The game started out strangely with the Bengals stalling on their first two drives on holding penalties, but still kept things scoreless with a blocked field goal in the early goings.  After a beautiful screen pass to Steve Slaton aided by some terrific open-field blocks, the Texans took a 14-7 lead only to watch Cincinnati score 10 points in the final two minutes of the half.  
 
(For the record, Shayne Graham nailed a deep field goal as time expired, made possible by a Chris Crocker interception; both players have plummeted in popularity amongst Bengal fans since then.)
 
The Texans took over after halftime and Steve Slaton promptly fumbled the ball away but his knee was down before the ball came loose; the ruling was overturned.  For whatever reason, that would be the moment when the Bengals lost that week.
 
Houston marched down the field and recaptured the lead when Crocker blew his coverage and allowed an easy touchdown.  Then Daniel Coates astoundingly made a nice catch, but immediately reverted to character the next second when he fumbled on the ensuing tackle.  Houston tight end Owen Daniels made a terrific one-handed catch in the end-zone on his way to likely his best game of the season.  Dennis Roland gave up a third-down sack on the next Bengal possession, J.T. Foschi later fumbled when the Bengals were running out of chances, and so on.  
 
The trap was sprung.
 
The Bengals were soundly beaten 28-17 on their home turf that day.  They were outplayed and outcoached, as Houston dialed up play-actions and screens at the right times and predicated on the Bengals tendencies to overpursue when flowing to the ball-carrier.  They were the first team of the 2009 season to effectively use Cincinnati's dominant run defense against itself; you could see Zimmer on the sideline waving his playbook around and yelling at his players on the field.  
 
It was also the game that showed just how bad the tight-end position had become.  Two costly second-half fumbles eliminated the chance for a comeback, and players that lose games are difficult for anyone to support.  The groans of fans to see the unproven draft-pick Chase Coffman at tight end grew louder after the loss and many felt that it was just stubbornness from Marvin Lewis and his staff that was keeping the youngster off the field.  The team later disclosed the Coffman had bone spurs in his ankle and required surgery to remove them; an operation that ended his season without playing a single regular-season snap.
 
The loss also reopened the skepticism many harbored about the Bengals' legitimacy as a contender.  While 4-2 was a decent start to the season, it certainly didn't prove much about the long-haul and about the sustainability of this Marvin Lewis team.  If anything, it proved that they weren't likely to match the misery of a year before which was in and of itself was a surprise to many of these same skeptics.  Nonetheless, Cincinnati found itself in first place with three consecutive weeks at home coming up.  The loss was a setback but not a deal-breaker; the men in stripes had yet to peak.  
 
For every Bengal fan, whether in the stands or on the couch, the following Sunday was perfect.  
 
Players  often talk to the media about achieving the “complete game”; a nearly mythical happenstance where all 45 men, almost by chance, focus their collective talents to produce one unbeatable performance.  This kind of harmony hadn't manifested with the Bengals since Carson was still young and exciting.  It had been so long, that rarely did anyone realistically consider it a possibility anymore.
 
Then it happened.
 
The Chicago Bears were battered from the get-go, unable to stop Cincinnati from scoring touchdowns on their first four drives.  The Bengal defense proved to be equally unkind, and the Bears limped into the locker room at halftime down 31-3.  
 
There wasn't much else to write about that day.  Chicago played a zone defense that Carson had no problems picking apart.  The Bengals pass rush was good enough to rattle an already turnover-prone Jay Cutler.  They day was over early; the home team had already won.  Go home happy; beers are on that guy over there.  
 
And they did.  Waves of stunned euphoria extended outward from the epicenter of Paul Brown Stadium throughout Greater Cincinnati and beyond.  A crushing, a bonified smack-down, a complete game had  once more been achieved.
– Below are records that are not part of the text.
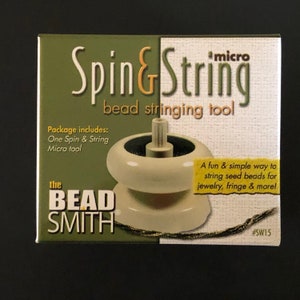 The Beadsmith Micro Spin & String Bead Stringing Tool Only, All Other ...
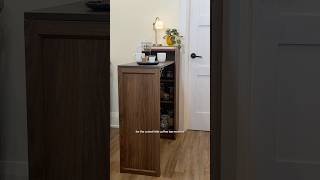we LOVE a space-saving hack🤯 foldable coffee bar DIY☕️#diy #hack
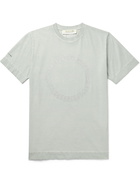 1017 ALYX 9SM - Printed Cotton-Jersey T-Shirt - Gray - XS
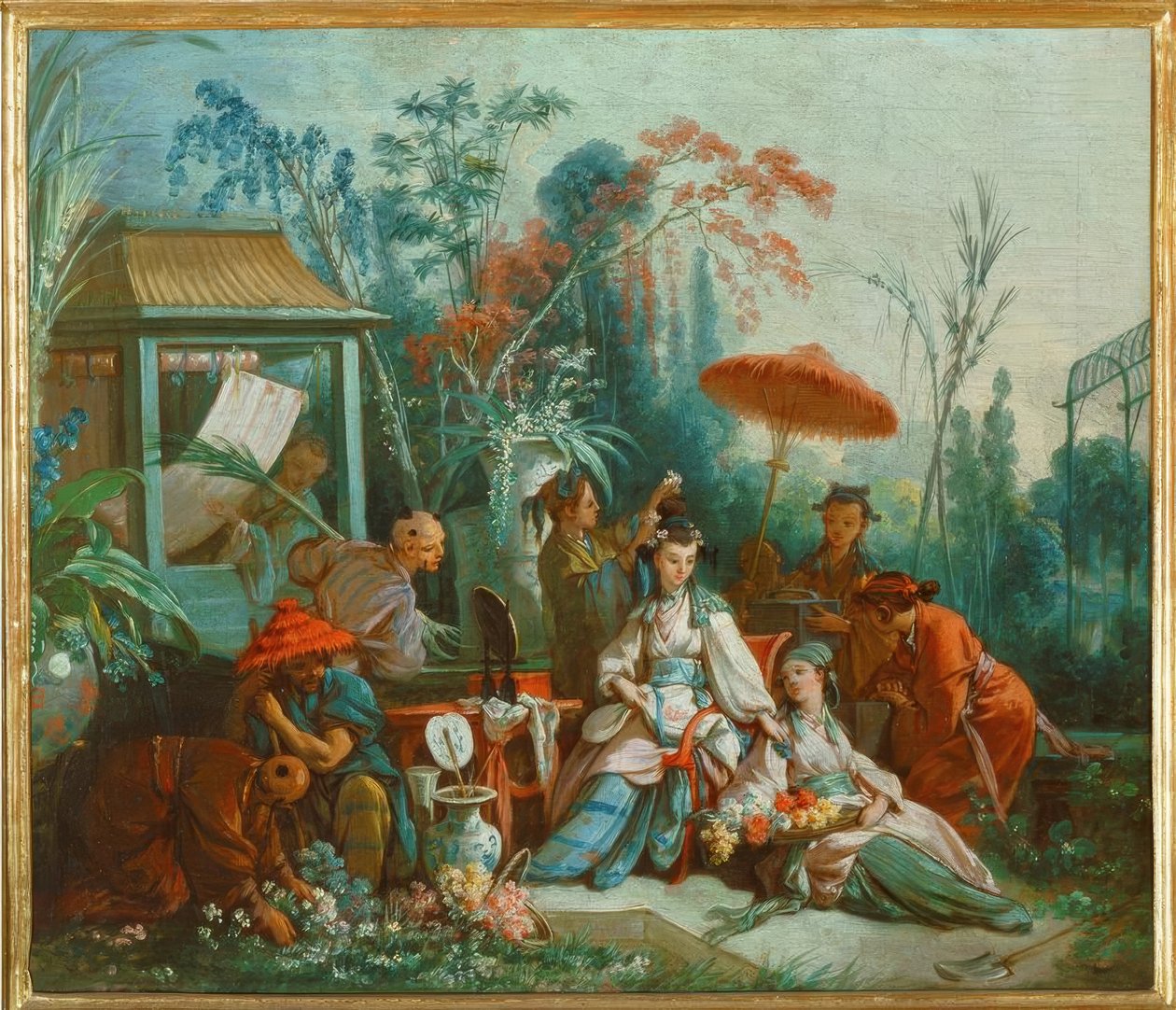 Jardin chinois tekijältä François Boucher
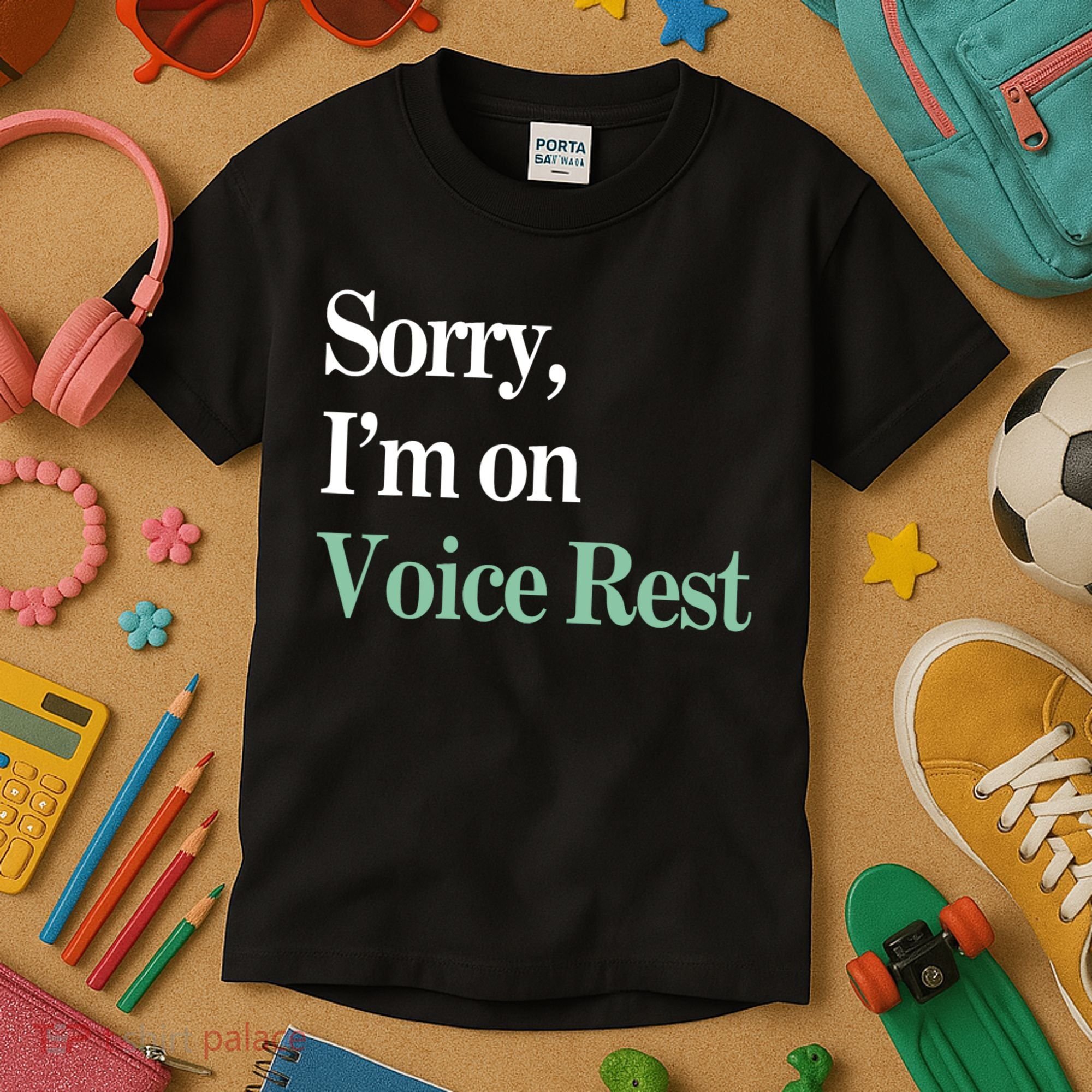 Sorry IM On Voice Rest Funny Vocal Kids T-Shirt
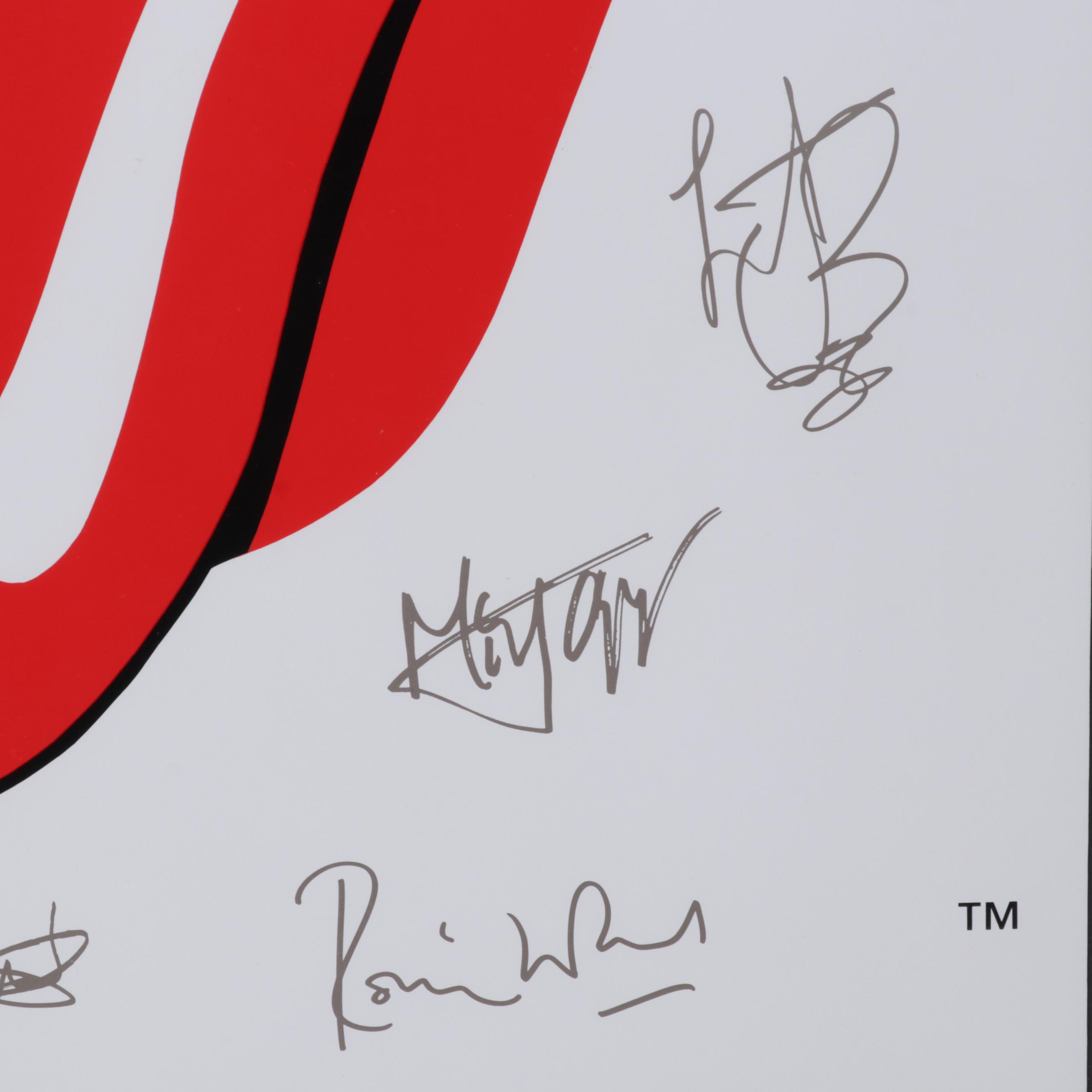 Music Art L.L.C. Color Lithograph "Lips & Tongue," Circa 2000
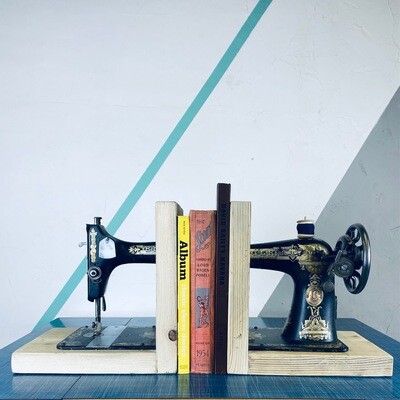 Up-Cycled Singer Machine Book End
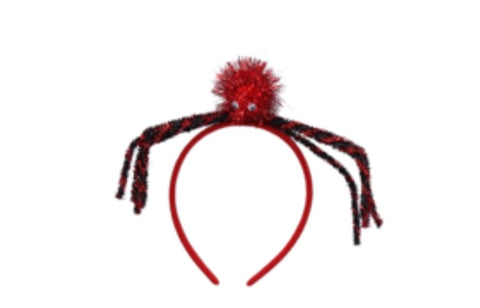 Red Tinsel Spider Hairband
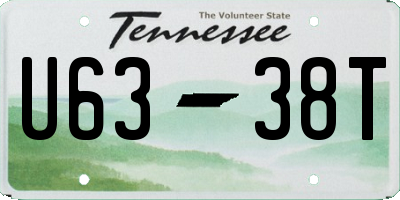 TN license plate U6338T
Even the stone-cold curmudgeons of the world had to now allow the slightest possibility that the Bengals could perhaps make an impact in '09 after all.   For the next 48 hours, we were a very proud city.  
 
Yet in all the revelry, in all the good-tidings, a negative side-effect was brewing from such a thorough drubbing.  While the win boosted the confidence and enthusiasm of the Bengal fan-base, it also supplied the example of perfection the team was apparently capable of executing.  “Why can't they do that every game?” so many wondered, and when, invariably, the team played poorly again, frustrations began to boil over once more.
 
Fans.
 
Mojokong---at our best.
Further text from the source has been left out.